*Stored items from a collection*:
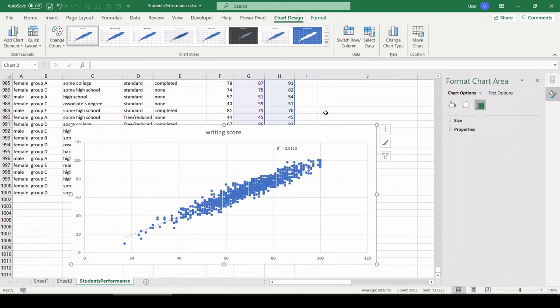All right, cool. That was just a quick overview using Excel to chop up some of this student test data, show you different ways to look at it. I hope you enjoyed. Stay tuned, more to come. Any questions or anything, just reach out. I'll talk to you later.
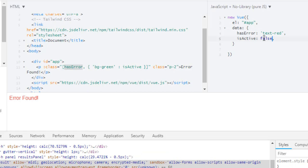Now our bg green class is gone. So this is how you can apply classes conditionally with array and object. And one more thing, as we use object here, we can also use JavaScript.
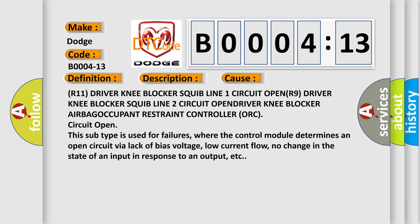R11 driver knee blocker squib line 1 circuit OPEN, R9 driver knee blocker squib line 2 circuit OPEN, driver knee blocker airbag occupant restraint controller ORC circuit open. This subtype is used for failures where the control module determines an open circuit via lack of bias voltage, low current flow, no change in the state of an input in response to an output, etc.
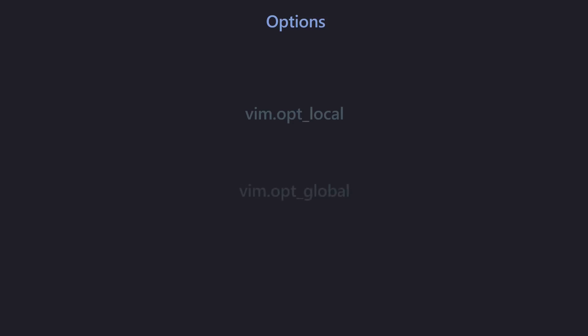Two more things left: vim.opt_local and vim.opt_global. Since these are prefixed with 'opt', they are easy and you don't have to worry about weird edge cases. Just like vim.opt, they have all the niceties implemented. vim.opt_local only sets the local version of an option. If that option is already explicitly local to a buffer, it just sets that. However, if the option is global-local, it is going to set only the local version — it will not touch the global definition.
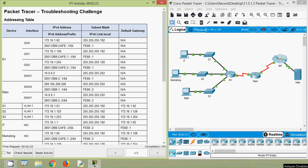Hi friends, welcome. In this video we are going to discuss this Packet Tracer activity - a troubleshooting challenge. If you are watching our channel for the first time or would like to get these types of technical videos in future, consider subscribing. Also don't forget to enable the bell icon near the subscribe button so that you will get a notification whenever we upload a new video.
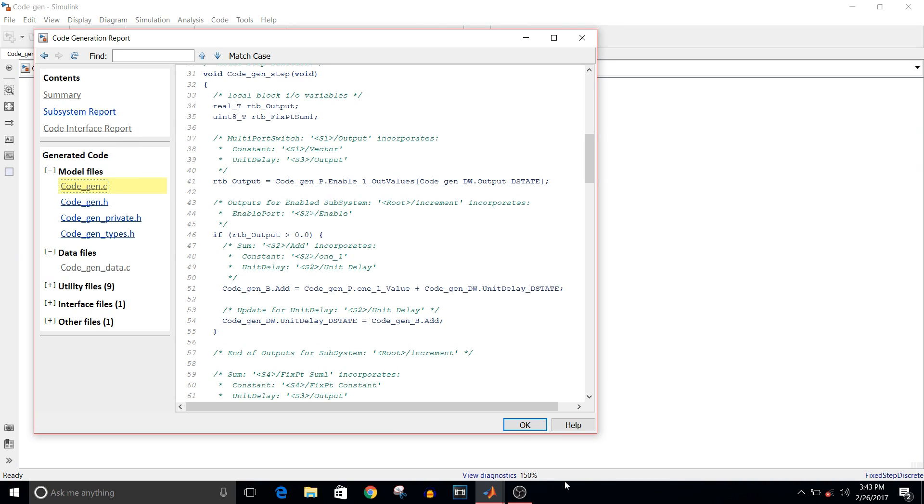That's how we generate code using the code generation option of Simulink. That's all for this video. If you like this video, please give it a thumbs up. Thank you guys, thank you for watching.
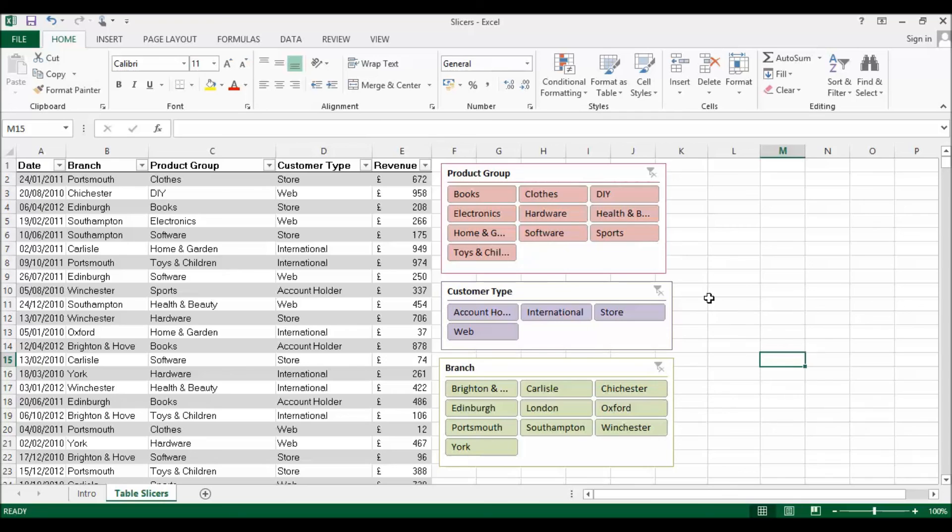So hopefully you can see that slicers provide a very visual way of being able to filter your list. It's the same functionality really as filters, but it's just a whole lot more visual. Hopefully that's helpful. Thanks very much for listening.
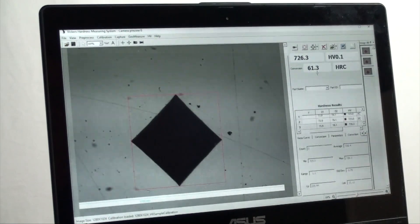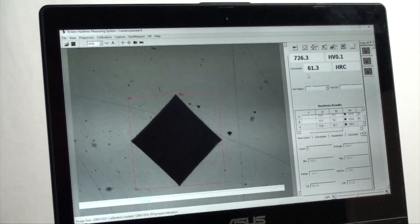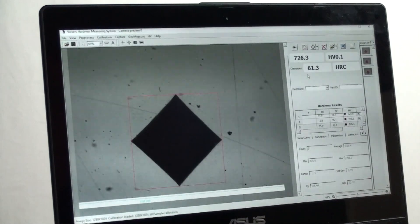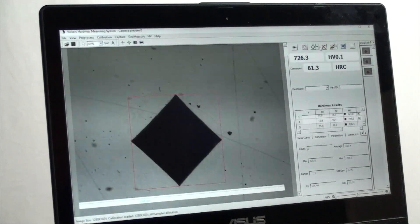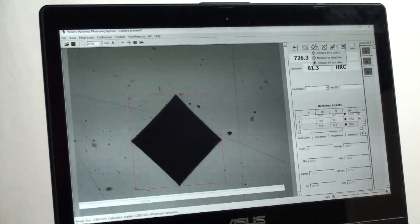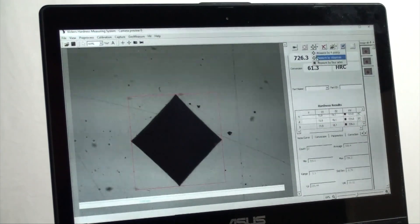If you have an A version of the software there is no auto measure button available. One must choose to measure either using diagonals or points on screen. B software versions come with auto measure.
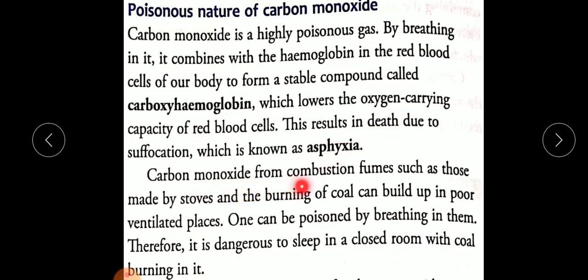Carbon monoxide from combustion fumes, such as those produced by stoves and the burning of coal, can build up in poorly ventilated places. One can be poisoned by breathing it in. Therefore, it is dangerous to sleep in a closed room with coal burning in it.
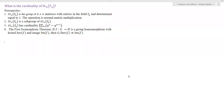Hello, everyone. In this video, we will be answering the question: what is the cardinality of SL_N over F_Q? That is, what is the cardinality of the special linear group over the finite field F_Q?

*What you are asked to do*: Line by line, write out the records above exactly, skipping the pictures.

*Answer to this exercise*:
All right, cool. That was just a quick overview using Excel to chop up some of this student test data, show you different ways to look at it. I hope you enjoyed. Stay tuned, more to come. Any questions or anything, just reach out. I'll talk to you later.
Now our bg green class is gone. So this is how you can apply classes conditionally with array and object. And one more thing, as we use object here, we can also use JavaScript.
R11 driver knee blocker squib line 1 circuit OPEN, R9 driver knee blocker squib line 2 circuit OPEN, driver knee blocker airbag occupant restraint controller ORC circuit open. This subtype is used for failures where the control module determines an open circuit via lack of bias voltage, low current flow, no change in the state of an input in response to an output, etc.
Two more things left: vim.opt_local and vim.opt_global. Since these are prefixed with 'opt', they are easy and you don't have to worry about weird edge cases. Just like vim.opt, they have all the niceties implemented. vim.opt_local only sets the local version of an option. If that option is already explicitly local to a buffer, it just sets that. However, if the option is global-local, it is going to set only the local version — it will not touch the global definition.
Hi friends, welcome. In this video we are going to discuss this Packet Tracer activity - a troubleshooting challenge. If you are watching our channel for the first time or would like to get these types of technical videos in future, consider subscribing. Also don't forget to enable the bell icon near the subscribe button so that you will get a notification whenever we upload a new video.
That's how we generate code using the code generation option of Simulink. That's all for this video. If you like this video, please give it a thumbs up. Thank you guys, thank you for watching.
So hopefully you can see that slicers provide a very visual way of being able to filter your list. It's the same functionality really as filters, but it's just a whole lot more visual. Hopefully that's helpful. Thanks very much for listening.
If you have an A version of the software there is no auto measure button available. One must choose to measure either using diagonals or points on screen. B software versions come with auto measure.
Carbon monoxide from combustion fumes, such as those produced by stoves and the burning of coal, can build up in poorly ventilated places. One can be poisoned by breathing it in. Therefore, it is dangerous to sleep in a closed room with coal burning in it.
Hello, everyone. In this video, we will be answering the question: what is the cardinality of SL_N over F_Q? That is, what is the cardinality of the special linear group over the finite field F_Q?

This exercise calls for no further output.